The meeting of APEC leaders in Singapore this weekend is taking place at a critical time. APEC has a unique opportunity to extend its global influence. But it will need to renew its structures and demonstrate tangible policy outcomes in free trade and investment, if it is to succeed.
The shift in economic power to the Asia Pacific, and to Asia in particular, has been reinforced by the global recession. Within Asia, 22 nations are categorised as ‘developing economies’ that are expected to achieve positive growth in GDP for 2009 at the remarkable average of 6.2 per cent. Australia has been virtually the only advanced economy to achieve positive growth, thanks in large measure to our trade and investment links with emerging Asia. The economic performance of Asia has helped to hasten a transition in global governance arrangements.
The recent transition in global economic leadership from the G8 to the G20 recognised the need to include a place for the emerging economies of the world within the leading global institution. Developed nations expect emerging nations to be responsible global actors. This requires that we include them as partners in global institutions.
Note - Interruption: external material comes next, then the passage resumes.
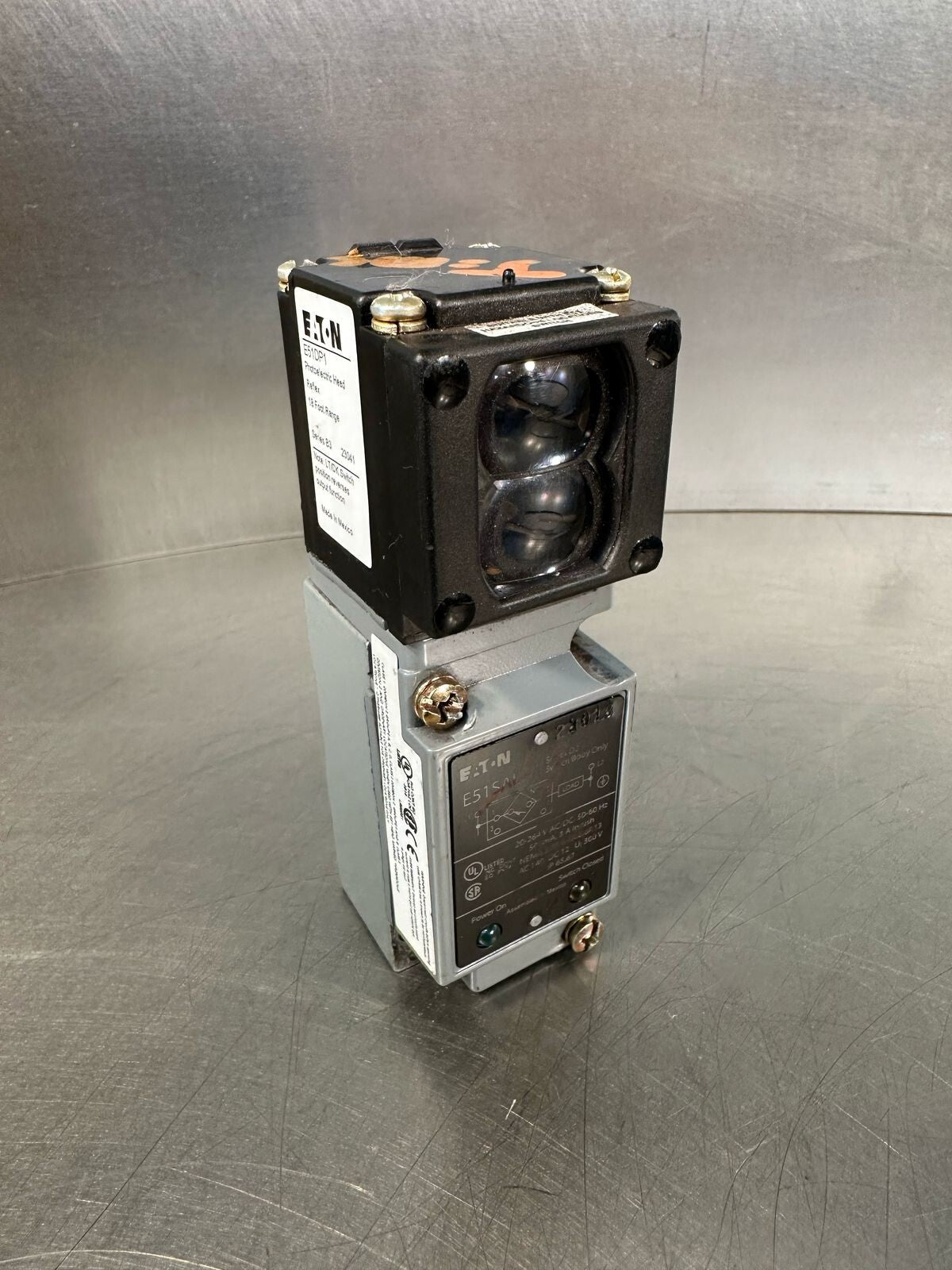 Eaton Photoelectric Sensor E51SAL Body, E51DP1 Head               (3.5.3)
APEC has the chance to increase its global influence as part of this same transition. Nine members of the G20 are also members of APEC. Furthermore, APEC’s membership spans Asia and North and South America. Kurt Tong, the senior official responsible for APEC in the US State Department, recently testified before a Congressional subcommittee. He said that because the economic affairs of the Asian region were linked so closely with the Americas, ‘effective regional economic institutions must include members from both sides of the Pacific’. Currently, APEC is the only regional institution that does this. While it has some clear advantages over other regional bodies, APEC needs to pursue two objectives if it is to continue to be a leading regional institution with global influence.
First, APEC will need to reform its structures to align with new developments. It will need to consider the future membership of the institution, including whether India should be invited to join. Given the size and the rapid expansion of India’s economy, combined with the influence that India will exert into the future, Australia and other APEC members should be giving a high priority to its accession.
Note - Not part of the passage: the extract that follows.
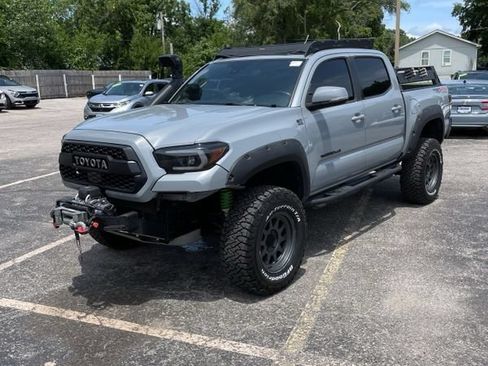 Used 2018 Toyota Tacoma TRD Off-Road AWD/4WD image 4
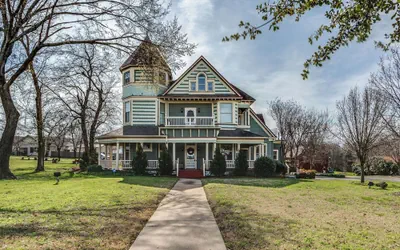 Four Winds Victorian Venue & Suites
Also, in terms of the structure of APEC, we have recently seen a greater involvement by treasury and finance ministers, as well as better integration between economic and trade policy. Business has welcomed this development. We would like to see even greater engagement with treasurers, because this will enable APEC to link more closely with the G20 where treasurers and central bank governors have a leading role.
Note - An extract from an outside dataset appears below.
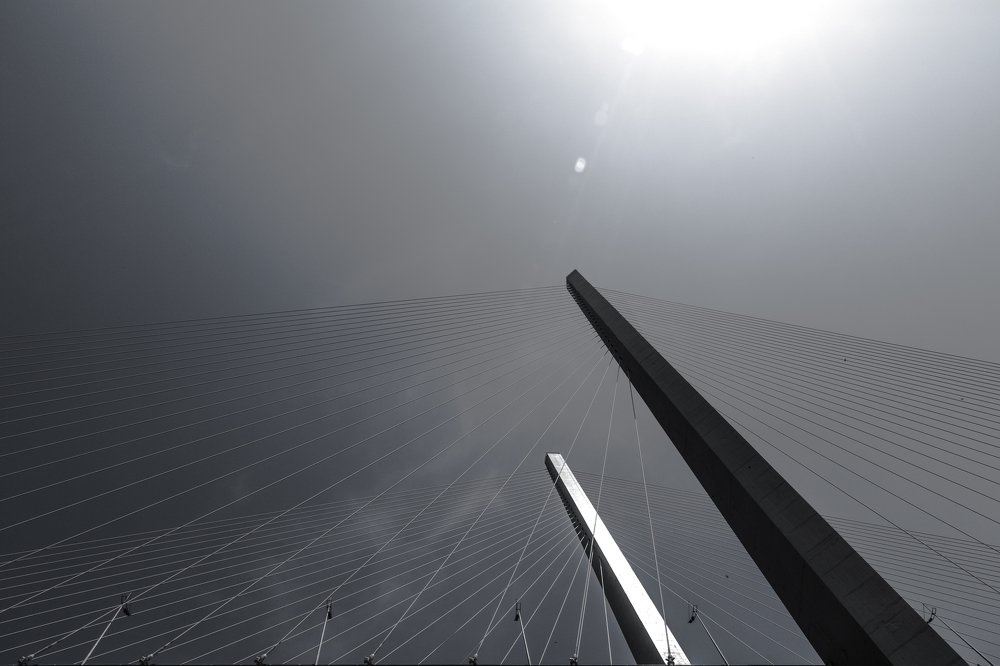 Мост через бухту Золотой рог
Second, APEC’s policy initiatives must also achieve tangible outcomes that justify the time and resources committed by its members and their constituents. The most important priorities are the investment, trade and structural reform agendas.
Practical steps towards the establishment of free trade among APEC members have been part of the agenda for at least 15 years. This continues to be a key priority for business. The best way to take this forward is to establish a Free Trade Area of the Asia Pacific.
APEC members, including Australia, should ramp up deliberations on how best to achieve a free-trade area, together with detailed consideration of what it would involve. This does not mean focussing only on the creation of a new instrument or instruments. Rather, we should look at how we might harness a multiplicity of tools to achieve an effective free-trade zone.
The business community also recognises the important work undertaken on investment. APEC’s Investment Facilitation Action Plan has the potential to be an effective mechanism for lifting investment flows within the region. It offers a way to simplify and improve the consistency of investment rules, including the protections available to investors within APEC member economies. These outcomes are essential in order to provide investors with the confidence they require for making medium to longer-term commitments.
The effectiveness of APEC’s practical policy reforms will reinforce its potential as a highly influential institution when it comes to setting the global policy agenda, and as the only regional economic body that brings together the major economic powers on both sides of the Pacific.